Disclaimer: This project is largely unfinished and will have lots of bugs/inefficiencies when trying to run programs more complicated than the ones described below.
current::Kernel kernel_a;
// Define ports and set compute kernel.
kernel_a.add_input_port("in0", type);
kernel_a.add_input_port("in1", type);
kernel_a.add_output_port("out0", type);
kernel_a.set_compute_kernel(R"(
out0 = 2.0f * in0 + in1;
)", false);
// Define streams.
current::Stream source0(generator0_data, count, type);
current::Stream source1(generator1_data, count, type);
current::Stream sink(output_data, count, type);
current::Map({&kernel_a}, {&source0, &source1, &sink});
map.add_connection(&source0, &kernel_a, "in0");
map.add_connection(&source1, &kernel_a, "in1");
map.add_connection(&kernel_a, "out0", &sink);
map.execute();The above snippet showcases how to define a SAXPY kernel in Current. Streams are essentially just buffers in DRAM, so the corresponding reader kernel that gets generated streams in tiles from the two DRAM buffers:
// ... [Includes, cicrular buffer initialization, and runtime argument fetching omitted] ...

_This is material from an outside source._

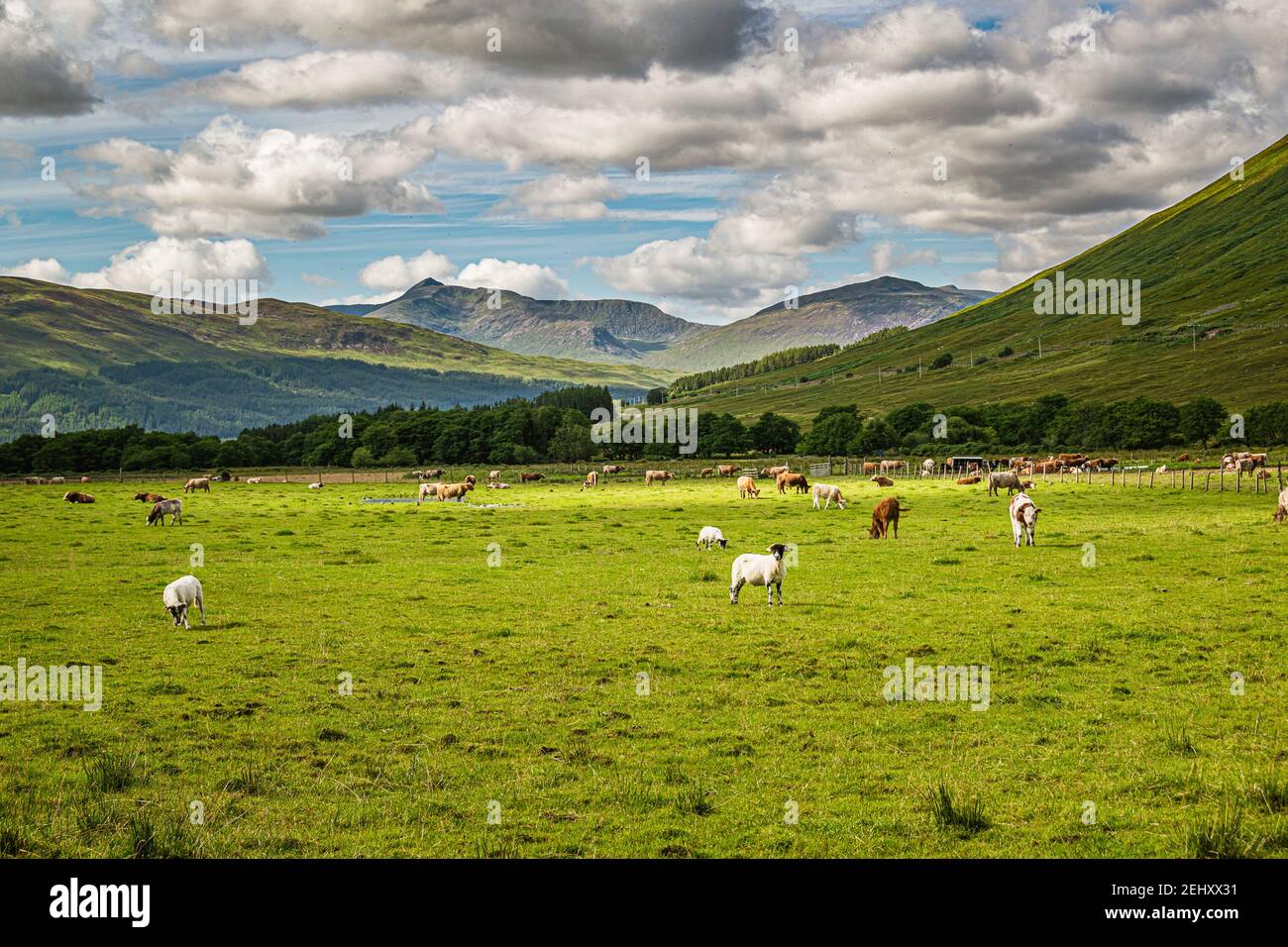 Viehweide auf einer grünen Wiese in den schottischen Highlands. Stockfoto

while(in0_count < in0_ntiles && in1_count < in1_ntiles) {
if (in0_count < in0_ntiles) {
cb_reserve_back(in0, 1);
}
if (in1_count < in1_ntiles) {
cb_reserve_back(in1, 1);
}
if (in0_count < in0_ntiles) {
uint32_t in0_write_ptr = get_write_ptr(in0);
uint32_t id = in0_tile_offset + in0_count;
noc_async_read_tile(id, in0_addr_gen, in0_write_ptr);
}
if (in1_count < in1_ntiles) {
uint32_t in1_write_ptr = get_write_ptr(in1);
uint32_t id = in1_tile_offset + in1_count;
noc_async_read_tile(id, in1_addr_gen, in1_write_ptr);
}
noc_async_read_barrier();
if (in0_count < in0_ntiles) {
cb_push_back(in0, 1);
in0_count++;
}
if (in1_count < in1_ntiles) {
cb_push_back(in1, 1);
in1_count++;
}
}The cbid_tile_offset is used in the case where the computation is parallelized across multiple Tensix tiles and the workload is statically partitioned.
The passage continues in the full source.